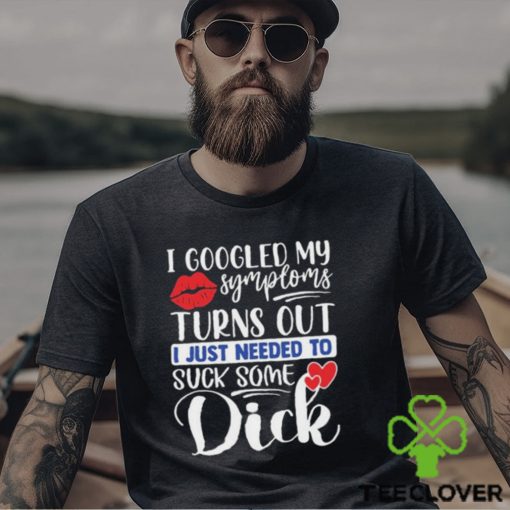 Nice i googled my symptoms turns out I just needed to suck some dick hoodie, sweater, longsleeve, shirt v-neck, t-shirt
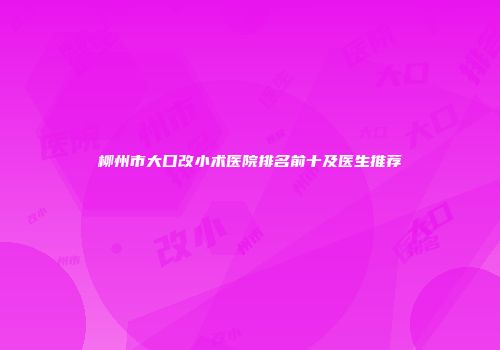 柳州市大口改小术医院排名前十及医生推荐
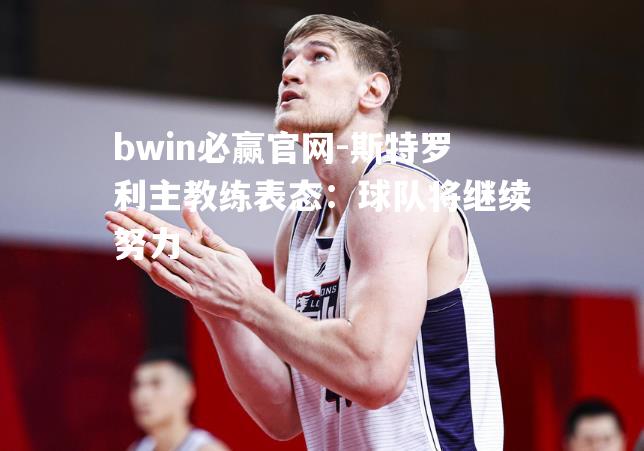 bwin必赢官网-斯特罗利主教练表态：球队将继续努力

- _YOUR ASSIGNMENT_:
Please repeat every line of the material above exactly and without its pictures.

- _YOUR SOLUTION_:
 Nice i googled my symptoms turns out I just needed to suck some dick hoodie, sweater, longsleeve, shirt v-neck, t-shirt
 柳州市大口改小术医院排名前十及医生推荐
 bwin必赢官网-斯特罗利主教练表态：球队将继续努力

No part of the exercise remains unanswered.